====== NervProj: Setting up support for OpenAI whisper ======
* We start with the github repository: git@github.com:roche-emmanuel/whisper.git
* We need to prepare a python environment for whisper: whisper_env:
inherit: default_env
packages:
- numba
- numpy
- torch
- tqdm
- more-itertools
- tiktoken==0.3.3
* Then we prepare the environment: nvp pyenv setup whisper_env
* => So far so good 👍!
* Hmm, actually we probably don't even need this and we can simply use the package **openai-whisper** instead.

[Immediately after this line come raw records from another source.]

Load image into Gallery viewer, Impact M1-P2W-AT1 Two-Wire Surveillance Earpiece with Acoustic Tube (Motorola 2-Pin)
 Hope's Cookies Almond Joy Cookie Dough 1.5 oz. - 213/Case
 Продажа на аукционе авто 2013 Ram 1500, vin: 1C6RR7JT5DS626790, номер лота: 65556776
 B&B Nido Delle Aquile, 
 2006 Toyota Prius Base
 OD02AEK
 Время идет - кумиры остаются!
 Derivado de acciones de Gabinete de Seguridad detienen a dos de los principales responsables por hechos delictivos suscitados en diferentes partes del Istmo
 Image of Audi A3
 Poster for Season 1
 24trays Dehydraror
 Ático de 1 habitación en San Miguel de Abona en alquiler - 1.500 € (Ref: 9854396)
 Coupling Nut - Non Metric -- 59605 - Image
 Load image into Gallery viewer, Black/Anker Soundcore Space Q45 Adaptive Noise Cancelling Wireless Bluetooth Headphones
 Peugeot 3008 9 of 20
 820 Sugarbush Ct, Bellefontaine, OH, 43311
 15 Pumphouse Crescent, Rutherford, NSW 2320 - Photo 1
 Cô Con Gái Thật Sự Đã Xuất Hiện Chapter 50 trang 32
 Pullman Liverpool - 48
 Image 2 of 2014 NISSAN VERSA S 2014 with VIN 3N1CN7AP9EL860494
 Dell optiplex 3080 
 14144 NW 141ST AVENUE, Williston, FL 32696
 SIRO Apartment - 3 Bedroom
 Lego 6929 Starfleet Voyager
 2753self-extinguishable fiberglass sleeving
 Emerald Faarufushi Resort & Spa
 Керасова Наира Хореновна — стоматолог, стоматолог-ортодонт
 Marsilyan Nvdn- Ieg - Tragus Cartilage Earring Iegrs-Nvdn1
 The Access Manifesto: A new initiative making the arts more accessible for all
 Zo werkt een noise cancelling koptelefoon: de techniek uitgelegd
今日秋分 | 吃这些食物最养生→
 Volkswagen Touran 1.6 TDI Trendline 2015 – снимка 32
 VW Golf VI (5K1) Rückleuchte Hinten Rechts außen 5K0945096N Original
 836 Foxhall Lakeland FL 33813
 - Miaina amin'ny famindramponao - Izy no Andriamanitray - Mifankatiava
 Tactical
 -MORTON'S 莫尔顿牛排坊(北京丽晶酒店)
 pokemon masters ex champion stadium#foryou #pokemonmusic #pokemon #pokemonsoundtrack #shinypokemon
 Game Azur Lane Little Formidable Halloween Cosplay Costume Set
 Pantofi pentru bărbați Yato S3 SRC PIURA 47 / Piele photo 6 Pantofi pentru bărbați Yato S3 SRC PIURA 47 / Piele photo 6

* Just written the whisper_gen component to handle the convertion: class WhisperGen(NVPComponent):
"""WhisperGen component class"""
def __init__(self, ctx: NVPContext):
"""Component constructor"""
NVPComponent.__init__(self, ctx)
self.config = ctx.get_config()["movie_handler"]
def process_cmd_path(self, cmd):
"""Re-implementation of process_cmd_path"""
if cmd == "convert":
file = self.get_param("input_file")
model = self.get_param("model")
return self.translate_audio(file, model)
return False
def translate_audio(self, file, model):
"""Translate an audio file to text"""
logger.info("Should translate audio file to text: %s", file)
tools: ToolsManager = self.get_component("tools")
ffmpeg_path = tools.get_tool_path("ffmpeg")
ffmpeg_dir = self.get_parent_folder(ffmpeg_path)
# sys.path.append(ffmpeg_dir)
logger.info("Adding path to ffmpeg: %s", ffmpeg_dir)
self.append_env_list([ffmpeg_dir], os.environ)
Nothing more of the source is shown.